Missing Data Strategy
One approach to managing missing data is through Multivariate Imputation via Chained Equations, commonly known as MICE. This technique focuses on imputing the missing values, and the function md.pattern() provides a visual representation of the missing data for each predictor. MICE offers three different methods: Predictive Mean Matching (PMM), Classification and Regression Trees (CART), and Lasso Linear Regression (lasso.norm). We implemented five imputations to introduce uncertainty into the missing data, which can lead to more precise parameter estimates.
How much missing data?
Review the % missing for each predictor from your previous analysis. Identify the ones with high % missing and those will need special attention.
Should we eliminate?
Threshold for elimination: Set a threshold (e.g. 30% missing) to decide if a predictor should be dropped from the analysis. If a predictor exceeds this threshold, consider dropping it from the dataset as it won’t provide enough information.
Domain knowledge: Use domain knowledge to decide if the predictors with missing values are important for the analysis. If some are not, they can be dropped regardless of the % missing.
Imputing missing data:
Multivariate Imputation via Chained Equations (MICE): Use MICE to impute missing values for predictors that don’t exceed the threshold. This will help retain information and reduce bias.
MICE methods:
Predictive Mean Matching (PMM): Use this to preserve the distribution of the data and impute missing values based on similar observed values.

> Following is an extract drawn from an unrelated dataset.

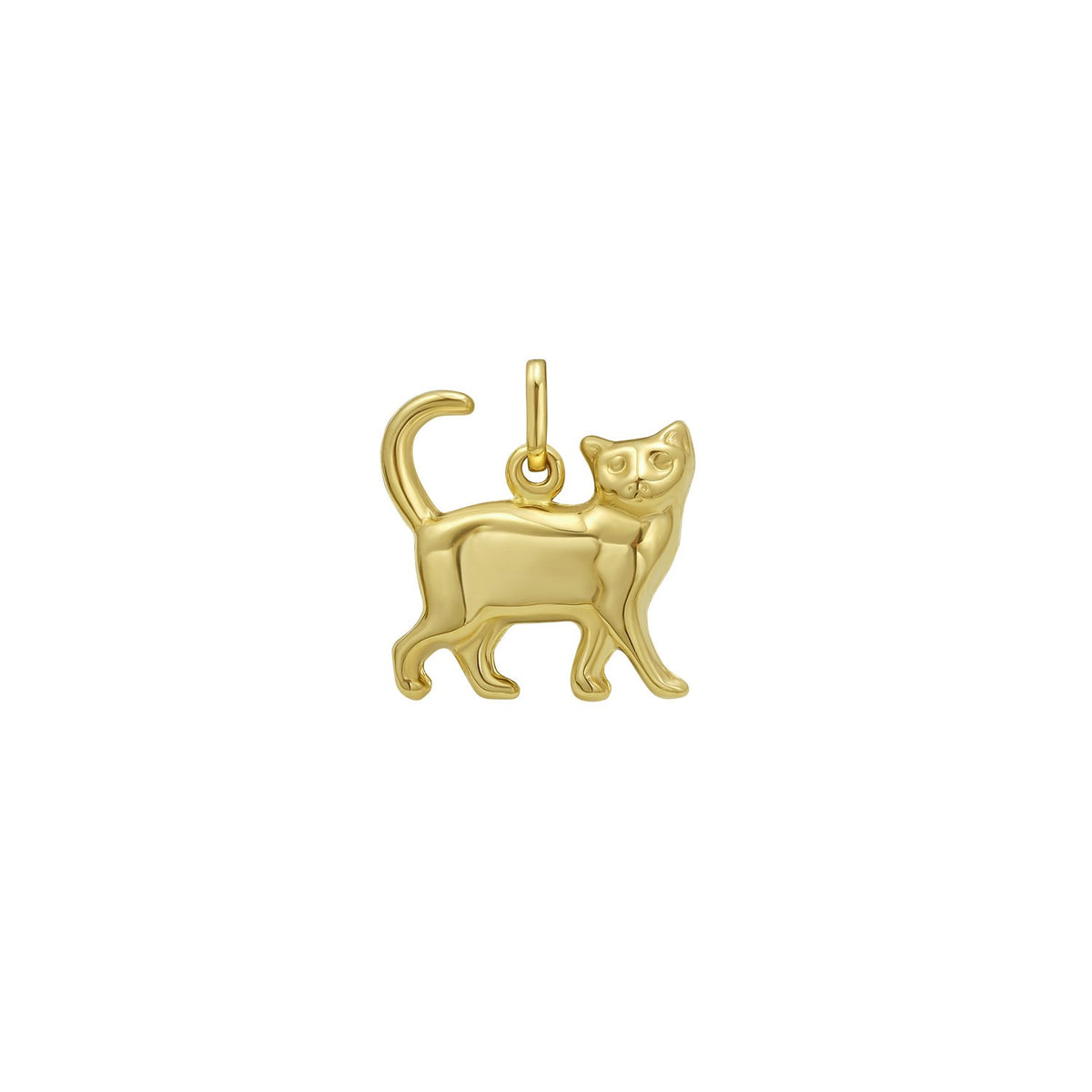 Cat Charm Pendant in 14K Yellow Gold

Classification and Regression Trees (CART): Use CART to impute missing values based on other predictors, especially useful for categorical variables.
Lasso Linear Regression (lasso.norm): Use this for continuous predictors to handle multicollinearity and improve predictions.
Multiple Imputation: Do multiple imputations (e.g. 5) to account for the uncertainty of missing data and get more reliable parameter estimates. This will also allow you to analyze the variability due to imputation.
Check the impact of imputation:
After imputation, do a sensitivity analysis to see how the imputed values affect the overall results. Compare models built on the original dataset with those built on the imputed dataset.
Document and report:
Clearly document the steps taken to handle missing data, including the reason for any predictors dropped or imputed. Report the % missing before and after imputation in any results or visualizations.
Further consideration:
If the pattern of missingness looks related to the classes (i.e. certain classes have more missing values), consider doing analyses that account for this relationship as it may indicate an underlying issue that needs to be addressed.
Conclusion
By following this process we can keep the analysis robust and meaningful and retain as much information as possible from the soybean dataset. MICE will help reduce the bias introduced by missing values and improve any models we build from the data.